As I said (quietly) to my daughter at the time "that's not right!" I don't know what Rav Kook said, but I firmly believe that there is an obligation of hakarat hatov even if that tov is done for alterier motives. Furthermore, both the first and second Batei haMikdash (plus the attempt to build the third Beit HaMikdash in the time of Julian) were all funded by non-Jews who were probably acting mainly for their own personal interests. Yet we show gratitude to both Hiram and Koresh (Cyrus) - and presumably would have to Julian had he not died soon after the attempt failed)
Furthermore, even though the British never carried through in their promises regarding the Jewish homeland, I think it is fair to say that there would never have been a Jewish state in Israel were it not for the Balfour declaration. And there would be almost no Jews left in the world were it not for the British (and commonwealth, and later the Americans) fighting the Nazis and the axis in WWII.
I don't have time now to search for the proper source for Rav Kook, but I did a quick google search, and it seems to me that he didn't even say what he was accused of saying. It looks as though he in fact DID thank the British after the Balfour declaration:
After the Balfour Declaration was passed in 1917, the Jewish leaders held a large celebratory banquet in London, to which they invited lords, dignitaries, and members of Parliament. Speech after speech by Jewish communal and Zionist leaders thanked the British for their historic act.

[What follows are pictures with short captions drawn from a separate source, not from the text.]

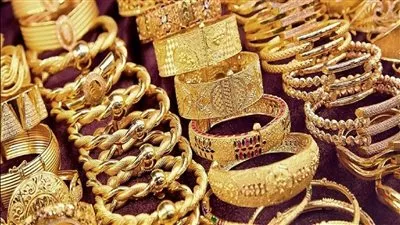 أسعار الذهب فى مصر اليوم الجمعة 8 مارس 2024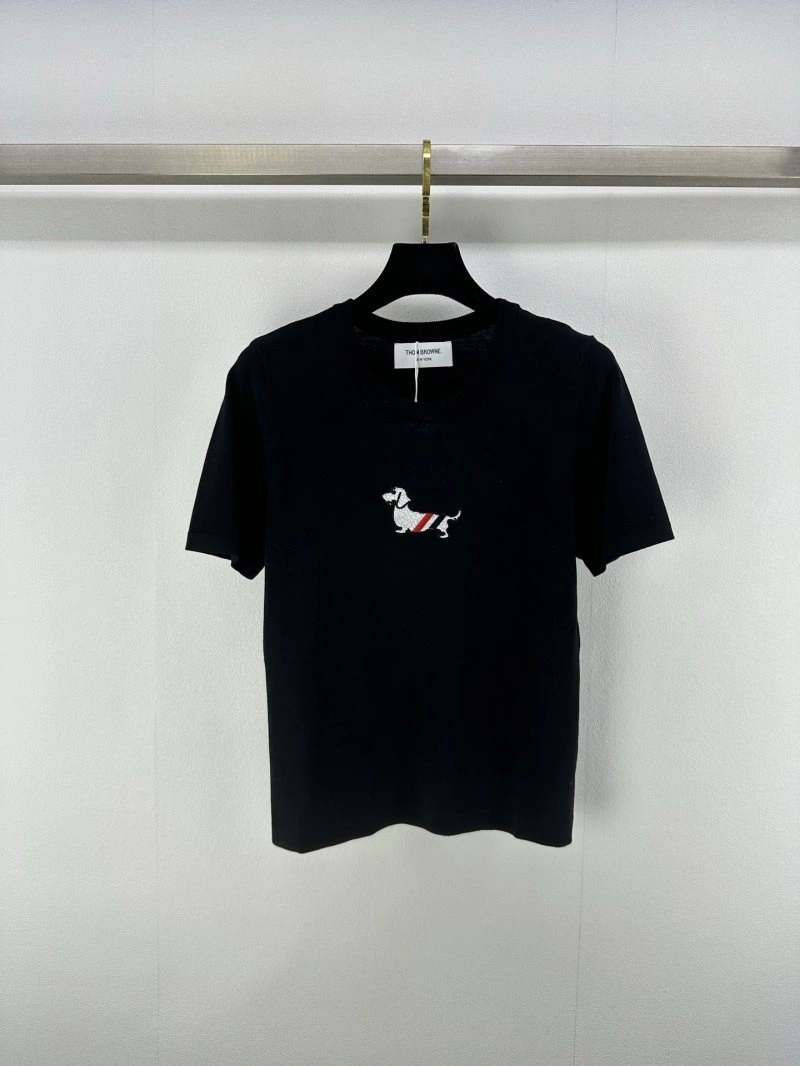 Thom Browne T-Shirts Unisex 173256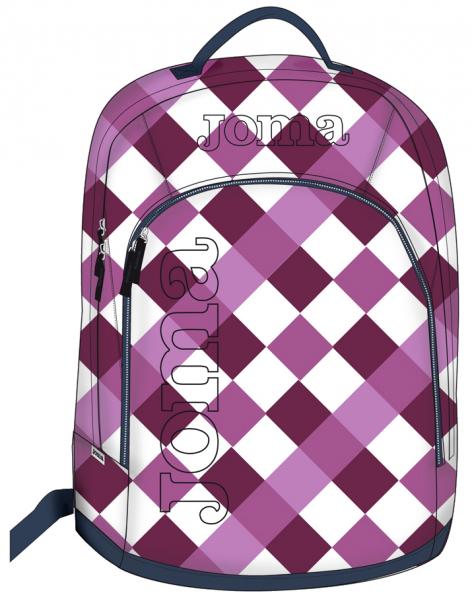 JOMA PINK BACK PACK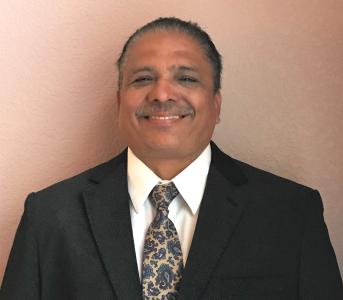Frank Lopez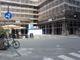 Pedonalizzazione in piazza Antonicelli, è lite: la sperimentazione divide i commercianti [VIDEO e FOTO]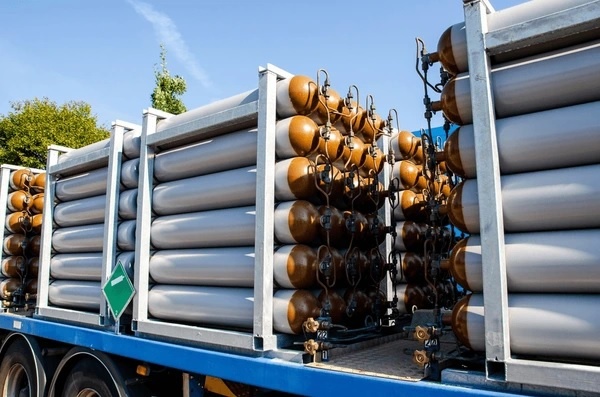 Phân tích thị trường khí nén tự nhiên (CNG) toàn cầu - Quy mô và dự báo 2024-2028 Phân tích thị trường khí nén tự nhiên (CNG) toàn cầu - Quy mô và dự báo 2024-2028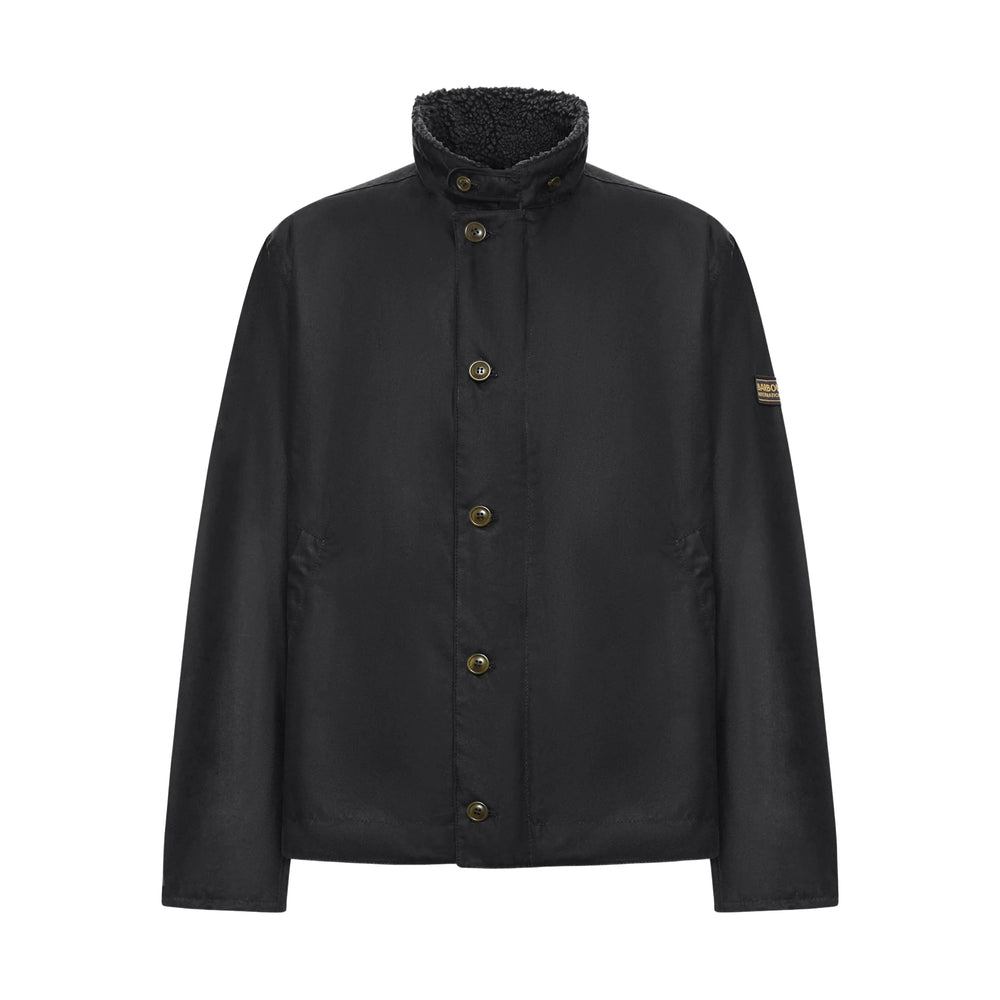 Barbour Outerwears - Black | 521604ff48836cd772ed9a3de24713fe220ca03f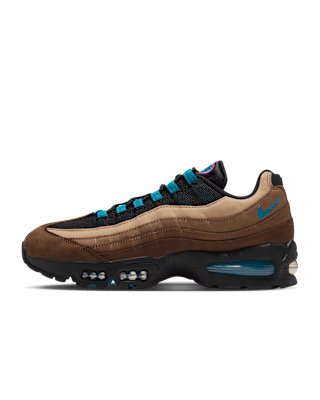 Air Max 95 Big Bubble 'Cacao Wow and Black' (IX6347-200) Release Date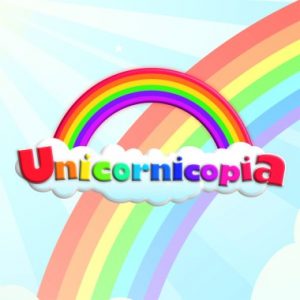Nintendo eShop Downloads Europe Unicornicopia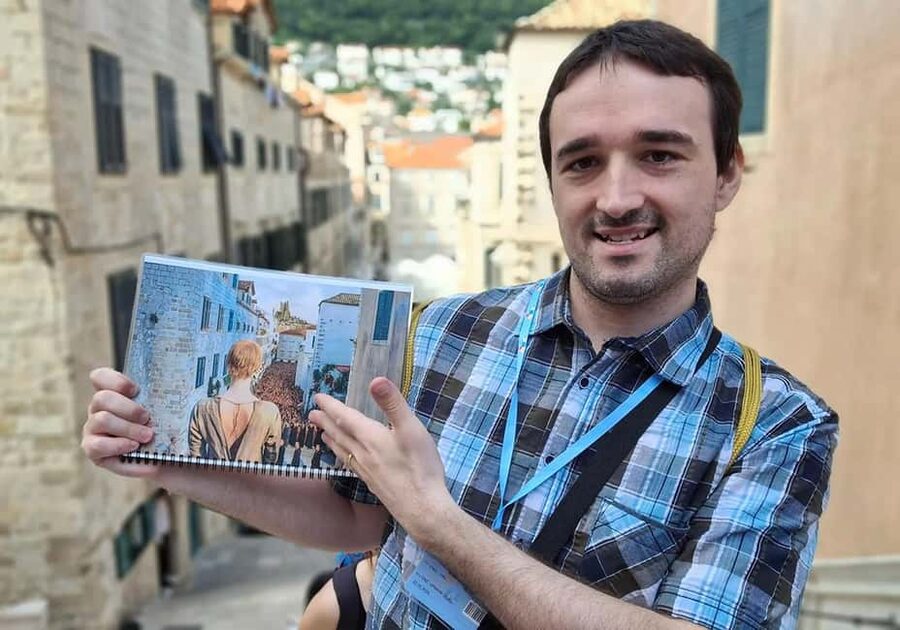 Dubrovnik: Game of Thrones and History Small Group Tour - A 10-Minute Hidden Stop That Breaks the Routine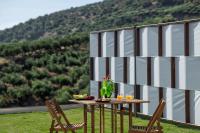 Villa con 1 Camera da Letto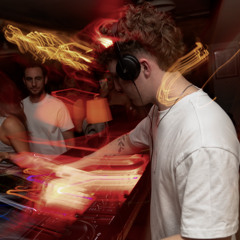 Ethan Gray | Sultra Warm-Up Mix (2026)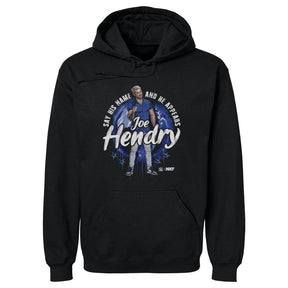 Joe Hendry Men's Hoodie | 500 LEVEL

When Rav Kook was given the honor of speaking, he announced:
"I have come not only to thank the British nation, but even more, to congratulate it for the privilege of making this declaration. The Jewish nation is the 'scholar' among the nations, the 'people of the Book,' a nation of prophets; and it is a great honor for any nation to aid it. I bless the British nation for having extended such honorable aid to the people of the Torah, so that they may return to their land and renew their homeland."
If that is a correct quote from him, then the Rav I heard actually distorted the words of Rav Kook in order to teach the message that we should not have hakarat hatov. If someone finds the real quote from Rav Kook please let me know so that I can check what he ACTUALLY said.

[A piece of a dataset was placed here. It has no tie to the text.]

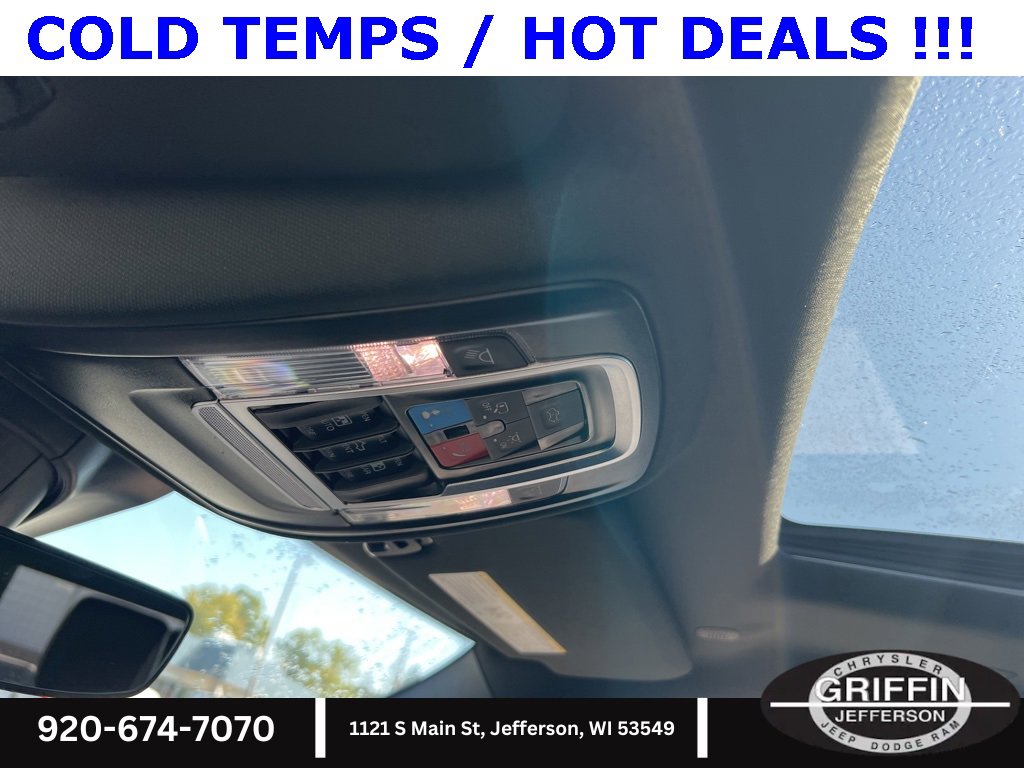 New 2026 RAM 2500 Laramie image 31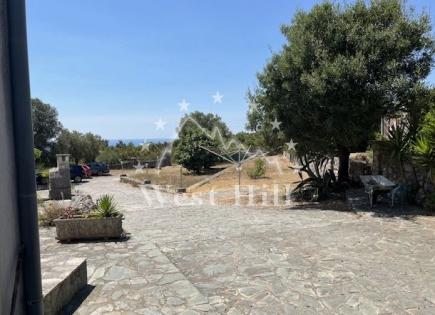 Haus für 630 000 euro in Krimovica, Montenegro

I know I am biased, because I am a big fan of the British monarchy (blame my mother and grandmother for that), but I think even Israelis should have hakarat hatov for everything they have done (as well as the British governments of the past century). If nothing else, I think that British people are able to accept the concept of G-d as King much more than Americans who only have a President.
Having said that, sometimes the members of the Royal Family do not exactly act in a way that is representative of G-d or majesty. But I love them for that too.
If for nothing else, we should be grateful that the British Monarchy gave us the Prince of Wales who has a fantastic accent, and a sense of humour (he seems to have become so much more human since he married his childhood sweetheart).